Nobody calls him out for being a bloody, psychopathic loonie. Kansas republican governor Sibelius "responds",talking about bipartisanship: code for we're going to screw you too, and protect wealthy democratic donors in an election year.


GWB:"the armies of compassion continue the march to a new day in the Gulf Coast."

Eric Alterman: Here's what [that] new day looks like: residents in 40,000 trailers, provided by FEMA, that contain potentially dangerous levels of formaldehyde.
[also here.]


(Junior didn't even mention Katrina reconstruction in SOTU 2007, perhaps because it didn't involve explosions and he was bored with it at that point.)

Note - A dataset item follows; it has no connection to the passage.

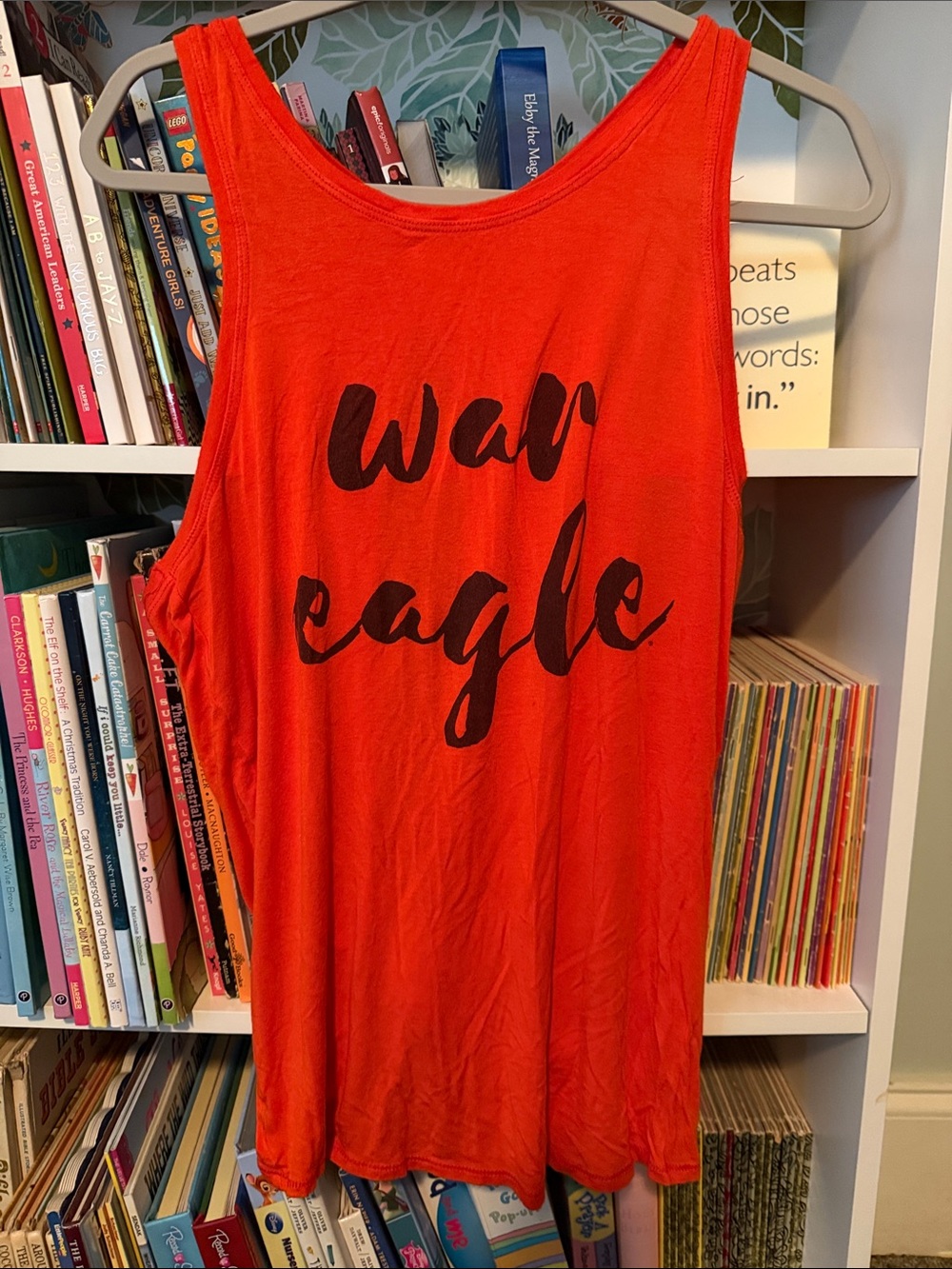 Auburn university open back tank top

The idea of an "army of compassion" is an odd one, and strikes me as another indicator that George, Jr is a warped, demented character who, whether by his own fault or others', never quite managed a regular route to adult character development. As far as I know he's never spoken about it, but time and again I imagine this metaphor of a coked or boozed up Dubya watching Patton over an over again at a second-run theater in the early 70s on his off days in the Texas Guard, fantasizing about a powerful future when the old man would never, never lord it over him, ever again.

They say he's stupid. Who knows if he is-- either way he's been remarkably successful in getting a nation of 300 million to go along with his numerous crazy schemes, and hastening her collapse. But I guess we can't talk about that either. Sometimes it puzzles me why there weren't more evil but sane capitalists who were smart enough to see the writing on the wall and be alarmed by the portents enough to do something about it, er, him. (If they thought Kerry was the answer, obviously the evil but sane capitalists aren't much smarter than the rest of us.)

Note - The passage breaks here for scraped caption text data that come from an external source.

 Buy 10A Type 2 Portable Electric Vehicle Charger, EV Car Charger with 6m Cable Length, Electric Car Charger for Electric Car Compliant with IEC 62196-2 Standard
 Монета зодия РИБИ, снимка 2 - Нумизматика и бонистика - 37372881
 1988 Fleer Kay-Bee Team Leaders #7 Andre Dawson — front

Then again, maybe the evil but sane types decided to just ride 2004-2008 out, recognizing it would help to further cow the democratic party, possibly as part of a long-term project designed to convert tomorrow's democratic leadership into yesterday's pre-evangelized Nixonian republicans, since the speaking-in-tongue crazies who had increasingly taken control of the GOP had probably begun to embarrass the industrialists, and even started to get a bit uppity. You're going to put the kibosh on public funding of research that benefits the private sector, you bible-thumping little shits? Oh, hell no!

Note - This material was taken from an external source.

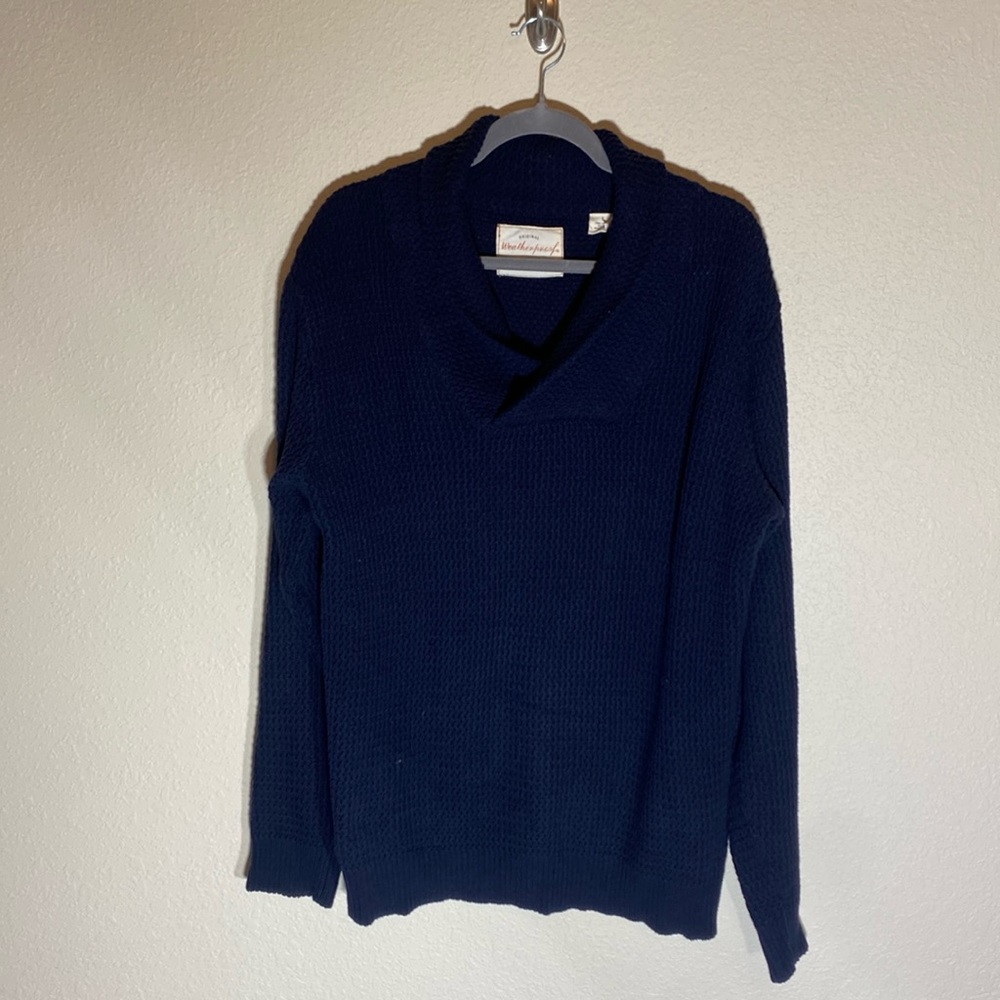 Weatherproof Vintage Men's Shawl Collar Sweater, Size large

Certainly if you look at pretty much any democrat who has risen to any level of national prominence in the last 8 years, their voting records, and increasingly even their rhetoric sound pretty GOP. If Hillary Clinton didn't exist the funders of such a project would have had to pour her out of a test tube, while Barach Obama seems to channel MLK and Reagan with equal facility. Against such a discouraging background it's difficult to tell if Chris Dodd's crusade against the odious FISA legislation is the real deal or not, and certainly if it is he deserves to be commended-- especially given how tough his road has been made by unfortunate characters like Harry Reid. Maybe Dodd is an exception who helps demonstrate just what a hidebound, reactionary body the Senate has become, on both sides of the aisle.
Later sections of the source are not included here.